This is a difficult task for most of us. We have a multitude of bias’ and we have a need to ‘be right’. We are witnessing the practice of living prejudices and proclaiming they are Godly, we are watching, some of us in horror, leaders, elected officials, proclaim the ‘right’ to subjugate people they are afraid of, people who challenge the status quo, to be heretics, to be the cause of the ills of our world. This happens daily to Jews, to Muslims, to people of color, to the ‘rebels’ in dictatorships, and too many of us “stand idly by the bloods of our neighbor”. Whether it is in the Middle East, in Ukraine, in Washington DC, in our own neighborhoods, Rabbi Heschel is reminding us of our duty as human beings to care for one another, to remember we are all created from the “mold of Adam” and we all have infinite dignity and worth. We cannot, however, join with the terrorists, join with the idolators, join with the demons who invade our lives through treachery, through mendacity, through self-deception, etc. I am hearing and experiencing Rabbi Heschel’s call to ‘get our own house in order’, to let go of our need to calculate which side will be best for us and join the side of God, join the side of doing the next right thing-no matter the cost because the cost of joining the side of the demons, the side of the idolators, the side of the terrorists is destruction, is the killing of the Godliness that is within each of us. It is hard to discern at times and the noise from the demons seems to fill our heads with so much deception we want to equivocate, we want to make moral equivalency, we become paralyzed and/or we join with the idolators believing they are speaking the words of God. We see this with the Republican Party’s bowing down to Donald Trump/authoritarianism, we see this with the people who believe fight sensible gun control, we see this with the people who believe they should control a woman’s body, the rights of LGBTQ+, make this a ‘Christian Nation’ which is troubling for those of us who are not ‘Christian’, for those of us who don’t believe they are promoting Christ’s agenda nor God’s.

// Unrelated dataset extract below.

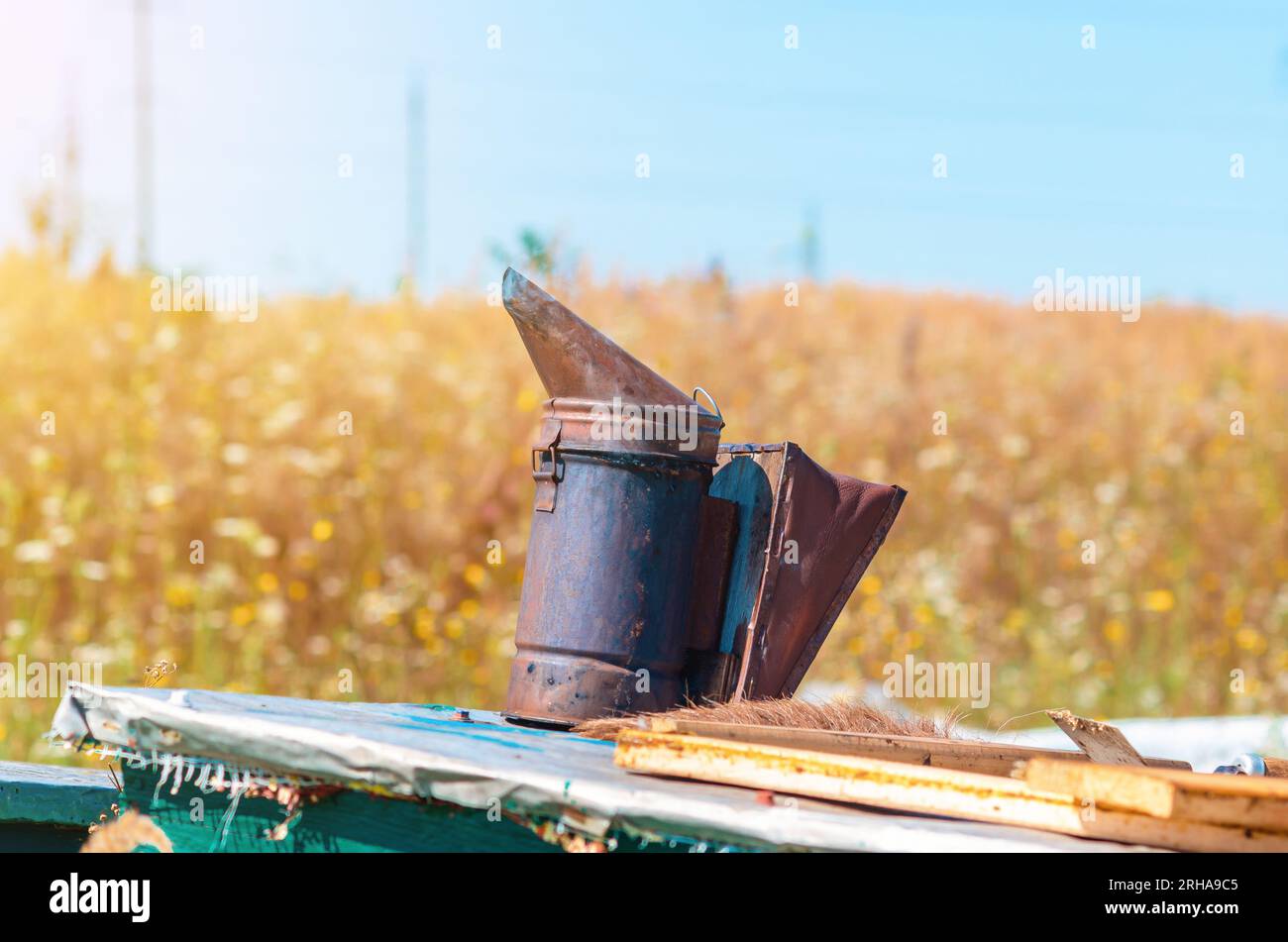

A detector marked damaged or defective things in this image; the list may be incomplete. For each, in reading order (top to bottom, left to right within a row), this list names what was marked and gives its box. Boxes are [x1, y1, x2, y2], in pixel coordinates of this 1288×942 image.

rusty metal surface [715, 442, 907, 699]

In recovery, we are blessed by putting on a “new pair of glasses” and we repent for our choosing to allow the demons to invade us, rule us, to change us, to lead us to ruination of our selves and so many other people. We “made a decision to turn our will and our lives over to the care of God” so we can take a stand, so we no longer live in the neutrality of doing nothing, no longer live a life of taking a stand against God, no longer stand on the sidelines while our world burns.
T’Shuvah, recovery, studying Rabbi Heschel, have caused me to live differently than I did. There are times when the demons have invaded and I haven’t noticed, and I constantly am drawn back to serving God, to making my life and helping others make their lives “an altar to God”. I am not neutral, I take a stand for what is right and good, I am loud, abrasive, difficult in the face of mendacity and fight the demons that try to invade my life and the lives of other people. My ways may be politically incorrect, hard for people to hear, and standing with God is more important than being liked, famous, etc-this is how recovery, T’Shuvah, Torah, and Rabbi Heschel have changed me! God Bless and stay safe, Rabbi Mark.